Categories for The Writing Craft
Well, after that shamelessly click-bait title, let me go on record right away that I’m not about to tell you what the next million-dollar-idea is and how to write it– sorry. After taking a break over the holidays (“holiday” being a word which here means “any Tuesday on which I don’t have a good idea for a blog post”), I’m back to blogging on Tuesdays about craft, and looking forward to all the good writing discussion to come in the new year on the newly revamped blog!

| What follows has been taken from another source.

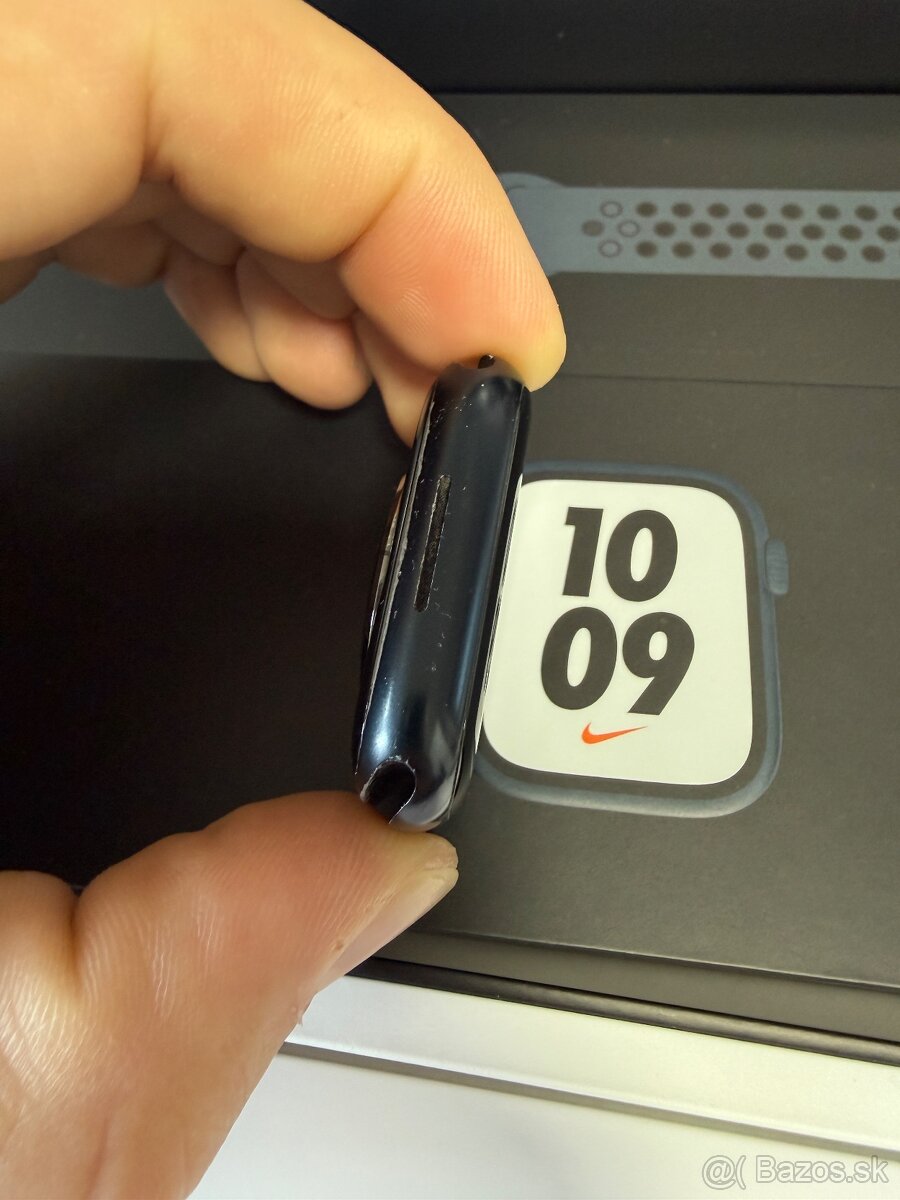 Apple Watch 7 45mm Midnight Aluminum - 7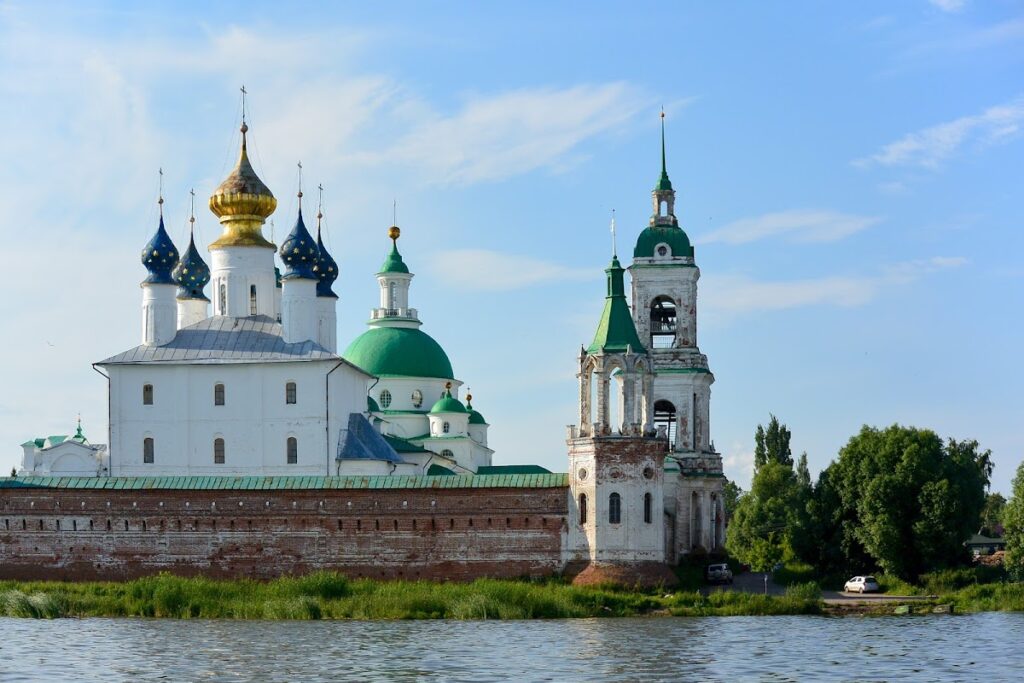 Spaso-Yakovlevsky Monastery: An Eastern Orthodox Monastic Complex in Rostov Veliky 2 Spaso-Yakovlevsky Monastery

Today’s topic is one that will make some of you excited and inspired and others of you rebellious and bad-tempered, and that’s fine– we welcome all kinds of writers here, though obviously, any comments which disagree with me will be deleted immediately. I want to talk about the practice of writing down your writing goals and the role of a written goal/task list in helping you move your writing career forward. This sort of planning or “vision-casting” goes against many writers’ strong belief in spontaneity, in trusting to the creative process, but even the most seat-of-your-pants writer should take a moment to consider how a little thought and a written plan of action can mean the difference between stagnation and momentum as a writer.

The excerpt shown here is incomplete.